Posted to dev@nifi.apache.org by ravi mannan <ra...@yahoo.com.INVALID> on 2015/09/06 04:16:31 UTC

nifi for large files

Hello,
I am new to apache nifi (and java, somewhat), so forgive my ignorance.  I want to use nifi to process large files. My university has some research work that could be written as nifi processors.  I know "large" can be a relative term, but for the resources I have, these files are large. About 700mb-1gb.  I *had* processors that took these large files and split them into smaller files, and then performed our algorithms (which I ported over to java), and then extracted some data and finally did almost an "if-else" branching. Seems great for nifi, right? Unfortunately I am seeing problems where it seems that nifi is i/o bound. I think this is because the walog and provenance log and all the transactions that are recorded there after each processor. I then essentially combined my processes into a large one, which I know goes against the grain of nifi.
I wonder if I should use some of these:
SideEffectFree
SupportsBatching

and maybe I should've used SupportsBatching instead of throwing my code into one big processor?
Even if the above does help with the i/o problems, I still like having a large nifi processor that does a lot of work. One benefit to using one big processor is that I can use the Callback in session.read to load my large files into a java.nio.ByteBuffer. A ByteBuffer is useful in my case because I can have my data off heap and run my algorithms a chunk (or ".slice()") at a time.  Hopefully you are familiar with this class. If I had many small processors (with the grain), I would have to constantly use session.read and InputStreamCallback and read the InputStream which is not as efficient as using a ByteBuffer.

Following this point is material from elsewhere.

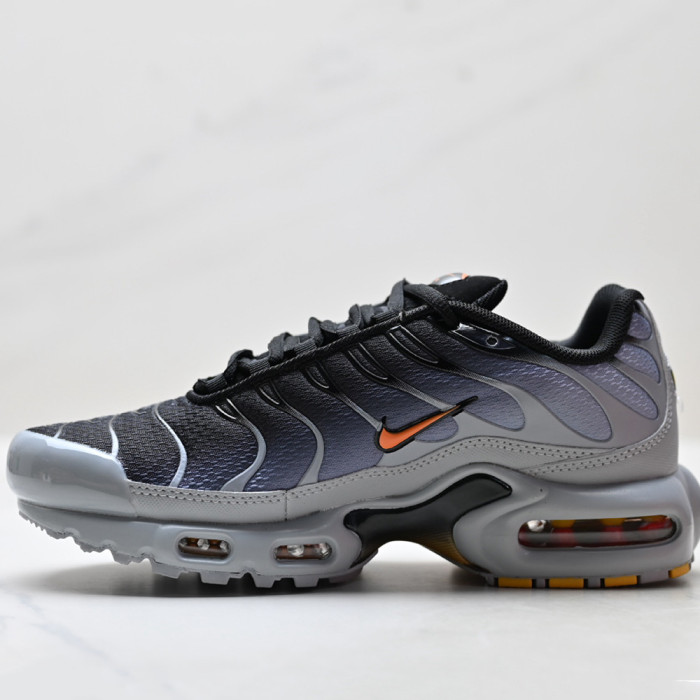 Men Women Sneakers Casual Trainers Athletic  Shoes Unisex 40-46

If I'm reading things correctly, FlowFileController.getContent returns an InputStream, so that's not bad. My concern is that I will have many processors (with many threads) reading InputStreams and then having many objects waiting to be garbage collected. 


So as you can imagine I am going off into tangents, I was wondering if you have ideas to reduce the i/o I'm seeing and what you think of my use of ByteBuffers. I wonder if I could pass the ByteBuffer around in a FlowFile?
Thanks,
Ravi

RE: nifi for large files

Posted by Mark Payne <ma...@hotmail.com>.
Ravi,

Not to overload you with responses here, but I did want to mention that there is another
very important aspect to keep in mind, as you're contemplating the idea of loading your
data in off-heap ByteBuffers. Generally, the Operating System provides a *very* good disk
cache that will typically provide great results. 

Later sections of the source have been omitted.